Pick out the lines below that contain the string "building" and copy them all.

··· INPUT DATA ···

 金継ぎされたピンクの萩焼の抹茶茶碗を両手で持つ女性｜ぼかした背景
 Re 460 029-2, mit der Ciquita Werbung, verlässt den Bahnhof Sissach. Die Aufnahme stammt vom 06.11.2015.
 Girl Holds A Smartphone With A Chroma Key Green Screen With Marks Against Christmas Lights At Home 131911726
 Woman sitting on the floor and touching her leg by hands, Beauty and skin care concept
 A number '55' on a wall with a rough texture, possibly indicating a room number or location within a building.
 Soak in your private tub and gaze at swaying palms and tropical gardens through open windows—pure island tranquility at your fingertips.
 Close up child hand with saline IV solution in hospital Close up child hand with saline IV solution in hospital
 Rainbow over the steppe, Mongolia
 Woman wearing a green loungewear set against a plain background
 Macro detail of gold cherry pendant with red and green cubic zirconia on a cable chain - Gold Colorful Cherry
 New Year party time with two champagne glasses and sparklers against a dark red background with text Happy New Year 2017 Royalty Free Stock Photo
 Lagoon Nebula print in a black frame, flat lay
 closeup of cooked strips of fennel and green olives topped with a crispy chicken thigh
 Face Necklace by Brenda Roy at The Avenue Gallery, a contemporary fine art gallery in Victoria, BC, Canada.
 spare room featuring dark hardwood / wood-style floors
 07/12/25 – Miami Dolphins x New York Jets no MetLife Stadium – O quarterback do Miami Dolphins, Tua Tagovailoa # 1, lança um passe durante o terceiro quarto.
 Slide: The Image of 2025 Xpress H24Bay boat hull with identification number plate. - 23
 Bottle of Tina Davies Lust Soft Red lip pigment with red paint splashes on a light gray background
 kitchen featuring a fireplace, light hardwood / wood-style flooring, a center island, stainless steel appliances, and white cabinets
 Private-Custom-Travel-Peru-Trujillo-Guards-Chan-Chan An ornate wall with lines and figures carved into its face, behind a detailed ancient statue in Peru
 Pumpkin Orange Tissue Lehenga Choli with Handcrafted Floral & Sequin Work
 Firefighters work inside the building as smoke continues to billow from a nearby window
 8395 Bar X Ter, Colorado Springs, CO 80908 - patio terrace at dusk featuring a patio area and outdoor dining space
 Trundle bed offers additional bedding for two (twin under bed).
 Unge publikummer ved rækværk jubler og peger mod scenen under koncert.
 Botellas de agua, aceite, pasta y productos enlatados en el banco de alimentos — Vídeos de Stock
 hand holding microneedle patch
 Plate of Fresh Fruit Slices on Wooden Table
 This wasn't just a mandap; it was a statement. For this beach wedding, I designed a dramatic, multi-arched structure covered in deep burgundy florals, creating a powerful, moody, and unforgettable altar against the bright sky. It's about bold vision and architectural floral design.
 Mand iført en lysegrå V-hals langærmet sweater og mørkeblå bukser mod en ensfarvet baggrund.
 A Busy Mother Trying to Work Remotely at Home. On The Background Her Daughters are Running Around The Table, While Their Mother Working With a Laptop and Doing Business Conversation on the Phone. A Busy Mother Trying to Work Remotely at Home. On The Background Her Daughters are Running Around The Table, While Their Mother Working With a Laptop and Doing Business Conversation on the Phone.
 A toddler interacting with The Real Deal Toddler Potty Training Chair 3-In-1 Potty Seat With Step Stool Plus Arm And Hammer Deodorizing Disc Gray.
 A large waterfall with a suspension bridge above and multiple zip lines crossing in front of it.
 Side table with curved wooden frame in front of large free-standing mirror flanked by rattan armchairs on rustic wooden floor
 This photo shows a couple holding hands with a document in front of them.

···

__SOLUTION TO THE PROBLEM__
 A number '55' on a wall with a rough texture, possibly indicating a room number or location within a building.
 Firefighters work inside the building as smoke continues to billow from a nearby window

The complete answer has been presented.